The two Augusta boys were the first of the roughly 50 participants in an unusual five-kilometer race in Capitol Park and on the Kennebec River Rail Trail Sunday to complete the aforementioned mystery backpack challenge which, in their case, was to unpack and prepare a sleeping bag and small inflatable pillow for use, then put them back away again, only to go a few steps away and find an even greater challenge — making smoke with nothing more than a few of pieces of wood and some twine.

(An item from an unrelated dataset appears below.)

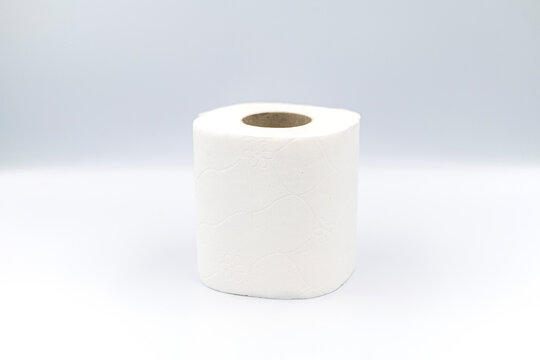 white toilet paper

“Slow is smooth, and smooth is fast,” the boys were advised by Colby Smith, an Augusta resident running the smoke-creating challenge with Nate Bears, also of Augusta, both representing the Maine Primitive Skills School. The barefoot and wild-haired Smith demonstrated, for all the participants as they approached, how to use the primitive fire-starting tool of a bow-drill made of three pieces of wood and some twine. He and Bears made it look easy — almost instantly creating smoke with a few rapid turns of the hand-made device. For most racers, it didn’t go nearly as smoothly, as many took several minutes to produce smoke so they could move on to the remaining challenges of the “Not Your Ordinary 5K” race, a fundraiser of the Natural Resources Council of Maine in its second year.

Duncan and Casey managed to produce enough smoke to be sent on their way to the next challenge. After stepping through a “spider web” made of string criss-crossing the trail and stopping to answer nature-related trivia questions posed by Stacie Haines, membership manager for the Natural Resources Council of Maine, the team crossed the finish line before anyone else.

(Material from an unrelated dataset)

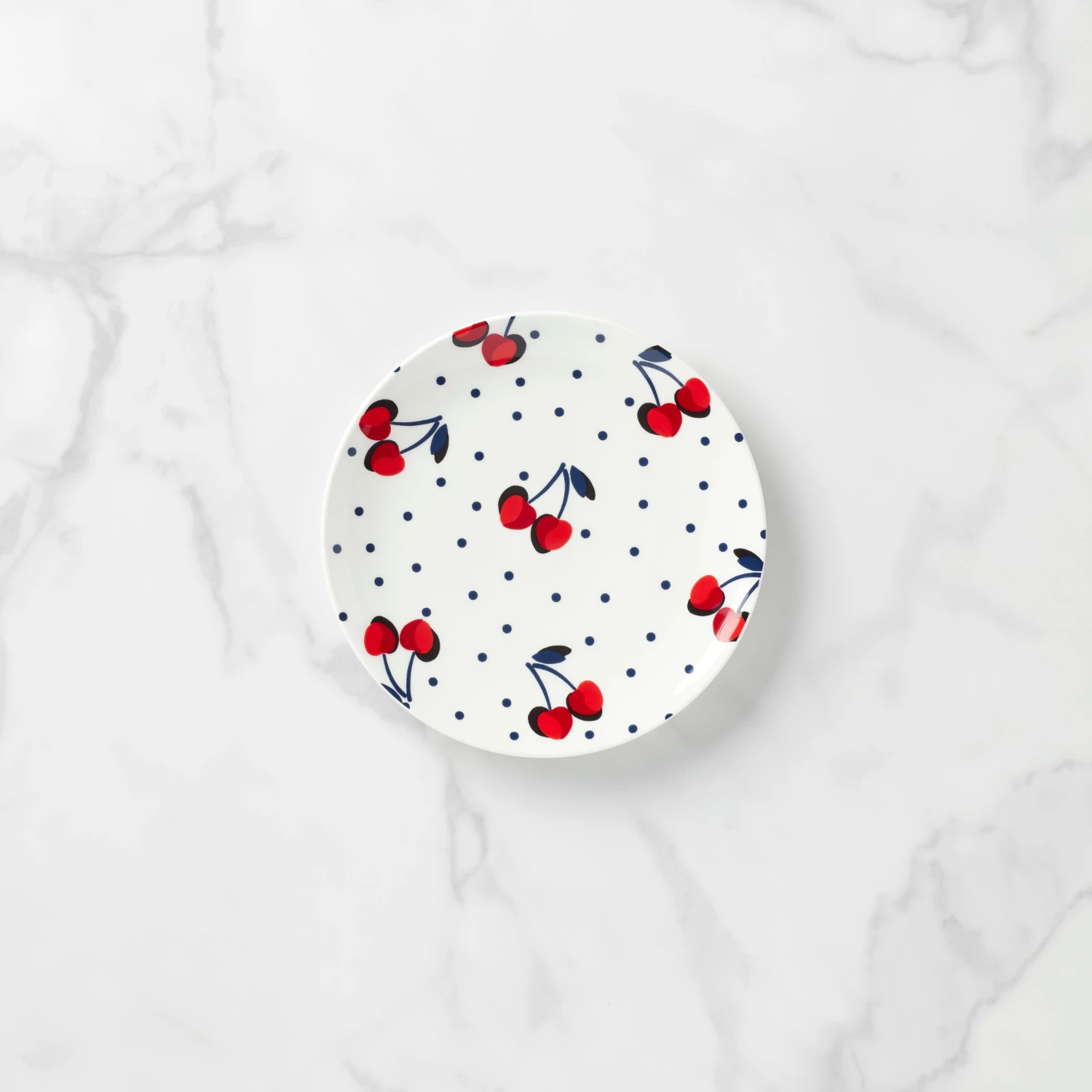 Kate Spade Vintage Cherry Dot Accent Plate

Trivia questions included “Can a flying squirrel really fly?” which it can’t, and “Why can whitetail deer digest tough woody plants others can’t?” which it can, Haines said, because a deer has a stomach with four chambers.

Haines said the Not Your Ordinary 5K was meant to be just what its name implies. The five kilometers of running and walking was interspersed with 12 nature-themed challenges. The event was meant to be an adventurous, quirky way for participants to compete, have fun and raise money. She said funding from the event’s several Maine-based sponsors allowed all the approximately $3,000 the event was expected to generate in registration fees and donations to “go directly to protecting the nature of Maine.”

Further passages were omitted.